Every time I read about Google Duplex, there is a sense of uneasiness in me. I just can never put it in words. I am not sure what makes me sceptic about the technology. Is it not a useful technology? Or is it the fact that the technology demoed is just too good, sound too useful to be true? I think it is the later.

Google believes in openly demonstrating the things they are working on, the tech they are building. However, they oversell what the tech can achieve; they drumbeat the most ideal scenario without much thought to its ramifications, its pitfalls.

John Gruber, as always, again puts it perfectly in his post on Google Duplex’s latest demo.

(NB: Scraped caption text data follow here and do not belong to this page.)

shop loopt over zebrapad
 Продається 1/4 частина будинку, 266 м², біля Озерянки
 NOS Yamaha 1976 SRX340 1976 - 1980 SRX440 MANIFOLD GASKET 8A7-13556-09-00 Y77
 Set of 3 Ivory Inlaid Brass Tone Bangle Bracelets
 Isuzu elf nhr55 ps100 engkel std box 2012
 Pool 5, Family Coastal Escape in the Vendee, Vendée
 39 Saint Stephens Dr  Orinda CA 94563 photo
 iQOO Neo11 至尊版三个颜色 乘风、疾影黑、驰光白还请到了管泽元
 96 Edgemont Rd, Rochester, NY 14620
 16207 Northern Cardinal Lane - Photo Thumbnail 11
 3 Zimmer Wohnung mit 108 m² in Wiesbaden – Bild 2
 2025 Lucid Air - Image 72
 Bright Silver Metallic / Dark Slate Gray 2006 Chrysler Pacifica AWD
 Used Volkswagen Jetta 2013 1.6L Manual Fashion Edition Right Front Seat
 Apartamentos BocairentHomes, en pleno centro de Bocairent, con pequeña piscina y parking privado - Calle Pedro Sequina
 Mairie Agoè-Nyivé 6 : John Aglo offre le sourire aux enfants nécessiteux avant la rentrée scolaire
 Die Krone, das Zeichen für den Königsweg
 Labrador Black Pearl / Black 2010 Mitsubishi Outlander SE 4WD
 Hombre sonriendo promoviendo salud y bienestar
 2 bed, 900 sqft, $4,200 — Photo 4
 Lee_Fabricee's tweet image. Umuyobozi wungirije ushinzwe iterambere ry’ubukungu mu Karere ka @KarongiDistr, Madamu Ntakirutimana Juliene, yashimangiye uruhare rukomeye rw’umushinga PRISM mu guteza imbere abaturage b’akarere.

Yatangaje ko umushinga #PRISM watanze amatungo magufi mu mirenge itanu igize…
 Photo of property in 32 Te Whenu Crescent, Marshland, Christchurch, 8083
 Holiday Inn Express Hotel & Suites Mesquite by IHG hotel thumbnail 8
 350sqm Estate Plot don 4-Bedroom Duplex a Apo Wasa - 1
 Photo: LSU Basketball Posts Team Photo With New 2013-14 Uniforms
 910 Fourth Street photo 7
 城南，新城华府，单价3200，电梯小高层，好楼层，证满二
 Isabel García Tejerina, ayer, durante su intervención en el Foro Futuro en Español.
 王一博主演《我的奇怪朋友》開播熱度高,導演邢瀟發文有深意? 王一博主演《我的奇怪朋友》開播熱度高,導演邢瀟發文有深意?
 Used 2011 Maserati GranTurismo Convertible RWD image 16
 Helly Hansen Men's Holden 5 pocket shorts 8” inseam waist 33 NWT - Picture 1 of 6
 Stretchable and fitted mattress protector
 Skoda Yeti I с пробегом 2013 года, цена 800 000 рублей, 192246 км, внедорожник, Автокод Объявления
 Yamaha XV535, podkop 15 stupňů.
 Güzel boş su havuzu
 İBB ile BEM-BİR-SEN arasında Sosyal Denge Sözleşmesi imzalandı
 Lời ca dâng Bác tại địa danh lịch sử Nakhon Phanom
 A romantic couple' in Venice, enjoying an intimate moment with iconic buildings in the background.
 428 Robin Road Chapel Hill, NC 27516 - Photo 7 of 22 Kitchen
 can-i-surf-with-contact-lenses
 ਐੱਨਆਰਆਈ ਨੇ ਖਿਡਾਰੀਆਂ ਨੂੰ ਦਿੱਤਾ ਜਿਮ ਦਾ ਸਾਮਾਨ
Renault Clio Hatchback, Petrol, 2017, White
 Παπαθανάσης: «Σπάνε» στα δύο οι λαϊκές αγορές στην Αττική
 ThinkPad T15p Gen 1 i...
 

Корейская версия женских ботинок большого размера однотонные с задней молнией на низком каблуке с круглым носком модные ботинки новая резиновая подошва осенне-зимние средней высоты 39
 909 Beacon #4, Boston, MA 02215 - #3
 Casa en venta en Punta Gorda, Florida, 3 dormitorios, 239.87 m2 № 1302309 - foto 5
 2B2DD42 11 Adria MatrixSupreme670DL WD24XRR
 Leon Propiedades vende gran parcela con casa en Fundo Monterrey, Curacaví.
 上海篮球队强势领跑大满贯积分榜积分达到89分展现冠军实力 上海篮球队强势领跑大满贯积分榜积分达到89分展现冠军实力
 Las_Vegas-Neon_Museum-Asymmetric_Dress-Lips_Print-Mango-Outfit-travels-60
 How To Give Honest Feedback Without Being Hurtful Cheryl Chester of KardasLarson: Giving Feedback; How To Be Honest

I still think the whole thing feels like a demo of a technology (the human-like speech), not a product. Google claimed this week that Duplex currently succeeds 4 out of 5 times at placing a reservation without a human operator’s intervention. That’s a good batting average for a demo, but untenable for a shipping product at Google’s scale. With a 20 percent failure rate, Google would need an army of human operators standing by all day long, to support a feature they don’t make any money from. I’m skeptical that this will ever be a product expanded to wide use, and if it is, it might be years away.

Right now it feels like a feature in search of a product, but they pitched it as an imminent product at I/O because it made for a stunning demo.

Exactly. That completes my thought — it’s the tech that Google markets. Tech, not a product, can be marketed and sold is a fallacy that Google, for some reason, continues to believe.